Module 4 develops the inquiry skills introduced across the whole course and brings them together in an investigative project, a key part of the internal assessment. This dot point asks you to plan, carry out, analyse and evaluate your own small scale sociological investigation, applying the methods, ethics and theory you have learned to a real social issue in your own community.

Choosing a focus question

A good project starts with a narrow, researchable question about a contemporary social issue, such as how a local community experiences social media, or attitudes to recycling among Tasmanian students. The question must be focused enough to investigate with limited time and resources, and connected to sociological concepts such as socialisation, social control or stratification so that your findings can be interpreted theoretically rather than as mere opinion.

Reviewing what is already known

Before collecting data you situate your study in existing knowledge: relevant sociological theory and any secondary data such as Australian Bureau of Statistics figures or published research. This shows you are building on the discipline rather than starting from scratch, and it helps you form a clear aim or hypothesis.

Selecting and justifying a method

You then choose a method suited to your question, drawing on the research methods topic. A questionnaire suits gathering reliable data from many people; an interview or observation suits exploring meaning in depth. You must justify your choice against reliability, validity, representativeness and practicality, and design your sample, deciding who you will study and how you will select them. Examiners reward a clear, reasoned justification far more than a large sample.

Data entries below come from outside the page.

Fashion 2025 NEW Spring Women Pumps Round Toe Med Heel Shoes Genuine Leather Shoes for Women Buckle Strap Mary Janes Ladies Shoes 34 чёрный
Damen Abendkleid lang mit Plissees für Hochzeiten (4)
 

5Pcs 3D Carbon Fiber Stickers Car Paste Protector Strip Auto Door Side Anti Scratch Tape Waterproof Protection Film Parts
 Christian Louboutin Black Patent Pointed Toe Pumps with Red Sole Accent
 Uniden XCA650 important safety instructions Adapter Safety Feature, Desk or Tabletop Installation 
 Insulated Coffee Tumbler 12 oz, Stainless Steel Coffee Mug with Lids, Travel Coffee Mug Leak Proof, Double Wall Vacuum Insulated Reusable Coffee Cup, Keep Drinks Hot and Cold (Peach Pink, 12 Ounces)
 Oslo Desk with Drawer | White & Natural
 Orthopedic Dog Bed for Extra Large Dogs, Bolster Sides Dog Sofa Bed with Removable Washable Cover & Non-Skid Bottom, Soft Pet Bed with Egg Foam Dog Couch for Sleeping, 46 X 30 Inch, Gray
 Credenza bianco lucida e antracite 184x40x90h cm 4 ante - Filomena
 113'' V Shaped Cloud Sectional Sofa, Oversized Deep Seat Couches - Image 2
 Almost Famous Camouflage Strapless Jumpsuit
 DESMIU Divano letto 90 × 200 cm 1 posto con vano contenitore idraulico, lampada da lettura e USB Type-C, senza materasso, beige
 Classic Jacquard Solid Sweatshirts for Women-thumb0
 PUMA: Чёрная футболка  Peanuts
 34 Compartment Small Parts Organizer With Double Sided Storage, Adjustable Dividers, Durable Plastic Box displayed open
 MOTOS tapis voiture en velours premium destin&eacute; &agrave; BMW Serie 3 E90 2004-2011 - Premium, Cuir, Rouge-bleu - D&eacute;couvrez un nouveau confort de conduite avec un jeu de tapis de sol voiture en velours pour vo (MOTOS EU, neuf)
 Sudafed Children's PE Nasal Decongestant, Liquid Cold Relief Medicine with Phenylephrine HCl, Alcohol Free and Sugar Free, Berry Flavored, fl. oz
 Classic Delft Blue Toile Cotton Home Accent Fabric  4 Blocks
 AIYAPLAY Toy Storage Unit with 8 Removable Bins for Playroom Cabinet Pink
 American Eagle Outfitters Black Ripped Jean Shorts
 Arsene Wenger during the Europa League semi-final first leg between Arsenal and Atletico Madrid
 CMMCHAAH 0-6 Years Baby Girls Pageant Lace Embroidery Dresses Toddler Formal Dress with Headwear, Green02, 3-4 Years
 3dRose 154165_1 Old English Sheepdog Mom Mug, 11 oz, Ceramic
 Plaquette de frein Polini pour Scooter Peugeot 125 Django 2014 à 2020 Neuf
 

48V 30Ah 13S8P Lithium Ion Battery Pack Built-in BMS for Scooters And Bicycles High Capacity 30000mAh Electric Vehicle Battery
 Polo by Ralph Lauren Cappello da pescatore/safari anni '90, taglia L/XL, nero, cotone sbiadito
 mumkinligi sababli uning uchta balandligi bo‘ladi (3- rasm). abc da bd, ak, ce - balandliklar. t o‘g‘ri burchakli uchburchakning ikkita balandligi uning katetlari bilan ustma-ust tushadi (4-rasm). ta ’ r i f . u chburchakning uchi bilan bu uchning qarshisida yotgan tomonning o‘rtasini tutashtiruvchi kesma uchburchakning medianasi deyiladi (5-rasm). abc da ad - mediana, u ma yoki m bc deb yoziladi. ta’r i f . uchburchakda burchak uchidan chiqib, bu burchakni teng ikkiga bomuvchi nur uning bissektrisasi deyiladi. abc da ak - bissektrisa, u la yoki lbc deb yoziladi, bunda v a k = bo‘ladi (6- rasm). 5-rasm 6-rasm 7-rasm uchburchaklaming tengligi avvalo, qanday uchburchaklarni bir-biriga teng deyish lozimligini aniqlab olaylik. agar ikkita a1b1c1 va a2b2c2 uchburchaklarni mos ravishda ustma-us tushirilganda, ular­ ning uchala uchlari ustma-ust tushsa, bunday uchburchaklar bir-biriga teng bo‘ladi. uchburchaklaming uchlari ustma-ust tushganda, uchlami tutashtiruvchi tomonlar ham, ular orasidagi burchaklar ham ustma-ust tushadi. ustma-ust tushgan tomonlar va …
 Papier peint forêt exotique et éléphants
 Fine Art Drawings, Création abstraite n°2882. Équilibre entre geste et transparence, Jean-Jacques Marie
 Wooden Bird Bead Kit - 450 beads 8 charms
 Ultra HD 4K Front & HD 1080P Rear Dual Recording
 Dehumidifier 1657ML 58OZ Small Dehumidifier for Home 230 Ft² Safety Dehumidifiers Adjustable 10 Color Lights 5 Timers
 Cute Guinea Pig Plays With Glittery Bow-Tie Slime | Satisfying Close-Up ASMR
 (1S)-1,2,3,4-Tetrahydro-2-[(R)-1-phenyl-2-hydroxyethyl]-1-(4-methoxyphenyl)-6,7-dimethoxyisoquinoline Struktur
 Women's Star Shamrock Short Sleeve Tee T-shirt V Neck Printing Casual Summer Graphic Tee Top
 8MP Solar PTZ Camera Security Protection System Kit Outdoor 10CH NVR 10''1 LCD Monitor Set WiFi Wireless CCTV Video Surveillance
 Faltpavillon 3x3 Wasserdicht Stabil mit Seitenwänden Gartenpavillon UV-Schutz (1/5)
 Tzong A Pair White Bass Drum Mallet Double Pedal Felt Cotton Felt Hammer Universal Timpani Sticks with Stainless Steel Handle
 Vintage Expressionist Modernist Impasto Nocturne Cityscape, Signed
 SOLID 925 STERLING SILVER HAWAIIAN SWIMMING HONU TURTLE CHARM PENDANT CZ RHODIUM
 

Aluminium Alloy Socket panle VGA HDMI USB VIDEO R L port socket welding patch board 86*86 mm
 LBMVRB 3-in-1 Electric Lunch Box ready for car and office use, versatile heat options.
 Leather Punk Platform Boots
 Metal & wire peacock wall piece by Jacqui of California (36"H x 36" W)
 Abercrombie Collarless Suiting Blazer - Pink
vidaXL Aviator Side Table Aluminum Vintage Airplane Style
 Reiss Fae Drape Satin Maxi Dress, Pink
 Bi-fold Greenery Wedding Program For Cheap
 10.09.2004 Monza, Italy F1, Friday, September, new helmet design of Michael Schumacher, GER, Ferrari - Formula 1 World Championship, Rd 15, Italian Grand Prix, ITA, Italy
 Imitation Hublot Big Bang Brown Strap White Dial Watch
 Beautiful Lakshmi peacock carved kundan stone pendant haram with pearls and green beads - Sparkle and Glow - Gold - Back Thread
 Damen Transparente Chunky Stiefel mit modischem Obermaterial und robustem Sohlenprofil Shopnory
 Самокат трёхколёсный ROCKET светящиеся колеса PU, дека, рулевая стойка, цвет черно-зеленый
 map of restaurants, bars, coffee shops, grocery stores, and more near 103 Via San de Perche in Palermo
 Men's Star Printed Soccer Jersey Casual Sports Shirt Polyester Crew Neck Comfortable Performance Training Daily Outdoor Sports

Collecting and analysing data

Once you collect data you analyse it honestly. Quantitative data can be summarised in tables, percentages and simple charts to reveal patterns; qualitative data is analysed by identifying themes in what participants said. The aim is to answer your research question with evidence, noting patterns as well as anything that contradicts your hypothesis, since negative or surprising results are still valid sociological findings.

Linking findings to theory and evaluating

The strongest projects interpret findings through sociological perspectives, asking whether the results support a functionalist, conflict, feminist or interactionist reading. You finish by evaluating your own study: how reliable and valid was your method, how representative was your sample, what ethical issues arose, and how could the research be improved. This reflective evaluation demonstrates the inquiry skills Module 4 exists to assess.

The investigative project is where everything in the course comes together: the perspectives, the institutions you have studied and the research methods all feed into one piece of original, ethical, evidence based sociology that you design and carry out yourself.